— ASSIGNED TASK —
Once you find the line in the listing below that contains "LEXUS LX600 URBAN", copy it and every following line exactly, stopping at the end.

··· PROVIDED MATERIAL

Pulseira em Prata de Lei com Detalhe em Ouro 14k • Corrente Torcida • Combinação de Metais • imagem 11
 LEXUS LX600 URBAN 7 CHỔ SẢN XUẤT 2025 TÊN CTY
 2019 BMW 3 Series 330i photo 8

······

— OUTPUT OF THE TASK —
 LEXUS LX600 URBAN 7 CHỔ SẢN XUẤT 2025 TÊN CTY
 2019 BMW 3 Series 330i photo 8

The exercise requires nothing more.